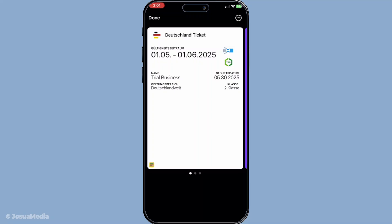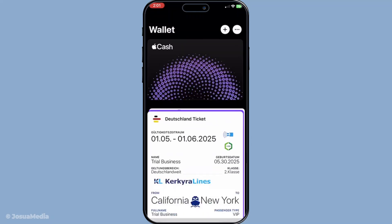When you spot your ticket or pass, go ahead and tap on it. This action opens up the ticket details, giving you access to all the crucial information right at your fingertips. Here you'll find the QR code or barcode that you'll need to scan, along with essential event info and other relevant details. Make sure to review all the details to ensure everything is in order, especially if you're heading to an event or boarding a plane. Take a moment to familiarize yourself with what you see.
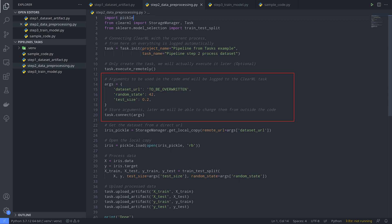When the pipeline is run, these hyperparameters can be overwritten by the output of the previous step. We'll see how that's done a little later in the video. After the preprocessing, we'll upload the resulting training and test data as an artifact again.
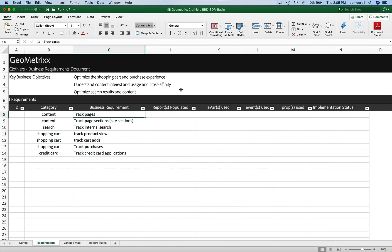Hey everybody, this is Doug. In this video, I want to talk to you about building and maintaining an SDR, which is a solution design reference document. You can call this whatever you want. It's really a blueprint of your site, and it follows the BRD, or the business requirements document, on the list of documentation that we should keep to really understand and document and refer back to information on how our analytics is set up on our site.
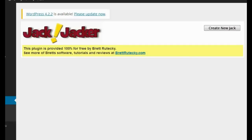Hey guys, Brett here. In this video I want to show you a new WordPress plugin that I created called Jack Jacker. I admit that's kind of a funny name and I named it that just to amuse myself, but this is a serious plugin that is going to be really viable for anybody interested in affiliate marketing, niche marketing, or CPA marketing.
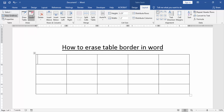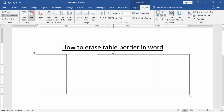Or Eraser. Now we can see we get an eraser tool and we can erase any border in this table. Click to remove or erase the border.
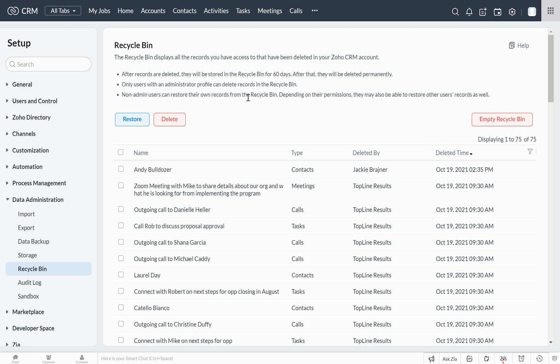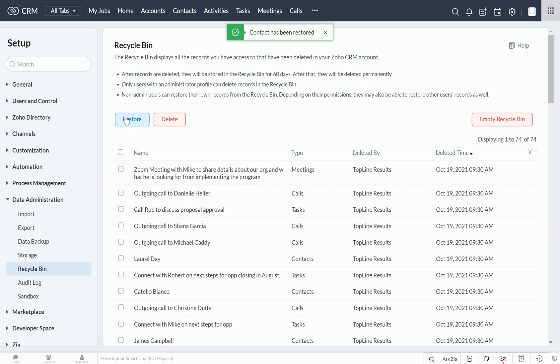Thankfully, while finding the deleted record is easy, restoring it is just as easy. If you click on the checkbox next to the record's name, you can simply click restore, and you're given a prompt at the top of the screen that says your contact has been restored.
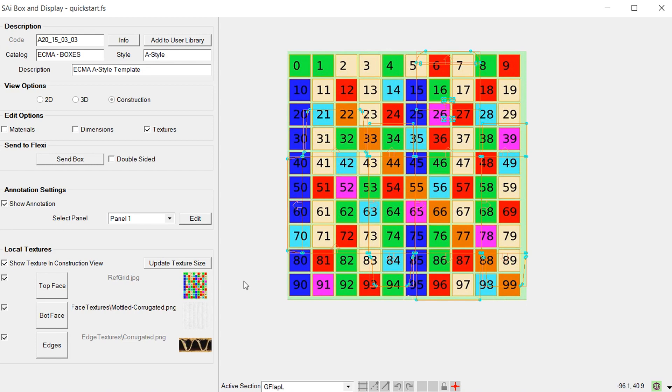So that about covers the local textures, and later we'll look at texturing or illustrating our box, our design, in Flexi. So that's it for the textures and we'll see you in the next video.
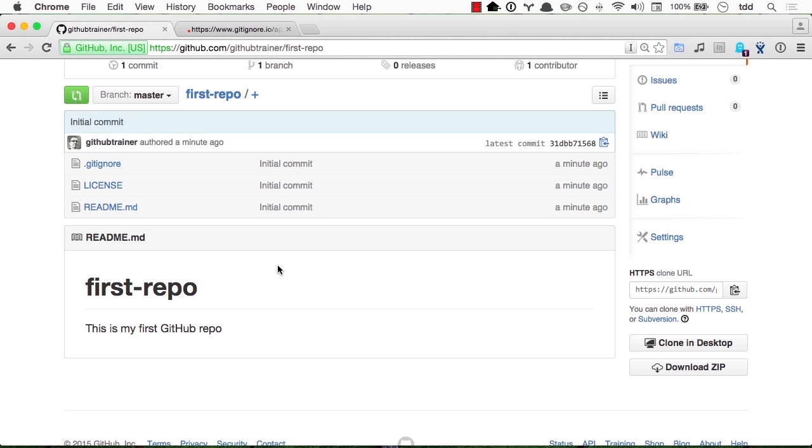This concludes this very short lesson about creating your GitHub repository from scratch. In the next lesson, we will learn how to fork someone else's repository to start contributing to it.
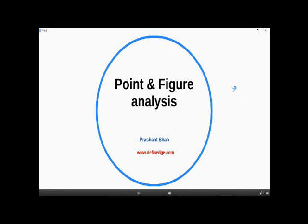Hello friends, in this video I am going to show you relative strength point and figure analysis and several charts explaining the traditional P and F method of stock analysis. For those who don't have much idea of P and F charts, a column of X represents rising prices and a column of O represents falling prices in this chart.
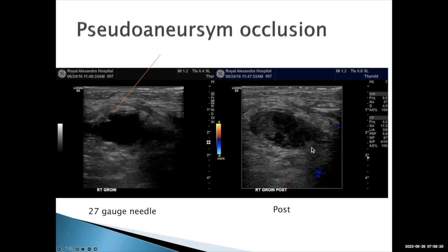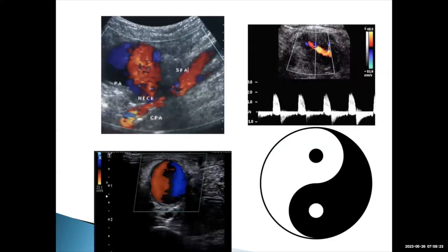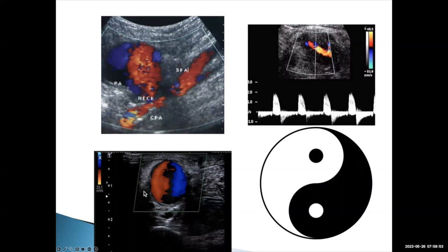It's a very high-yield, very satisfying procedure — we basically cure the patient and send them on their way. Here's another example with a superficial femoral artery showing a narrow neck with the yin-yang sign. Putting the spectral Doppler waveform over the neck shows flow toward and away from the transducer — that is the to-and-fro bidirectional flow characteristic of pseudoaneurysms.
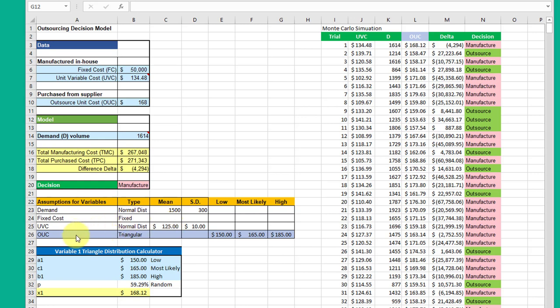Now I'm adding the outsourced unit cost, OUC, as a triangular distribution with a low estimate of $150, a high estimate of $185, and a most likely estimate of $165.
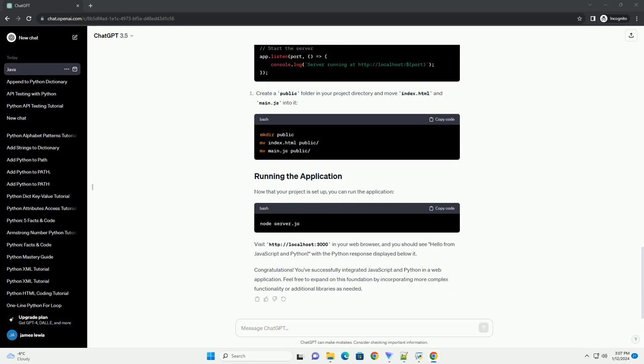Now that your project is set up, you can run the application. Visit http://localhost:3000 in your web browser, and you should see hello from JavaScript and Python, with the Python response displayed below it.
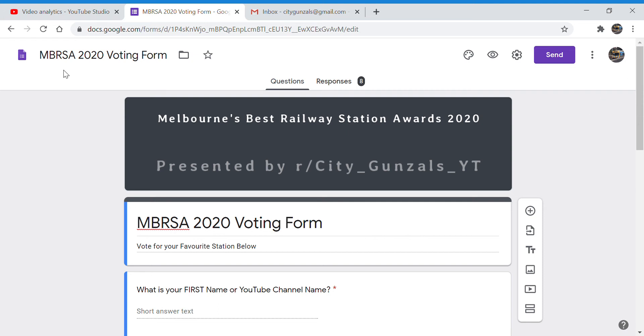Hello and welcome to City Gunsles. I am Woodrun and as you can see maybe down here is now two o'clock on the 25th of July 2020.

○ ○ ○ ○

Copy the lines above between the one holding "So that about" and the one holding "This concludes this", inclusive. Drop the pictures.

*TASK RESPONSE:*
So that about covers the local textures, and later we'll look at texturing or illustrating our box, our design, in Flexi. So that's it for the textures and we'll see you in the next video.
This concludes this very short lesson about creating your GitHub repository from scratch. In the next lesson, we will learn how to fork someone else's repository to start contributing to it.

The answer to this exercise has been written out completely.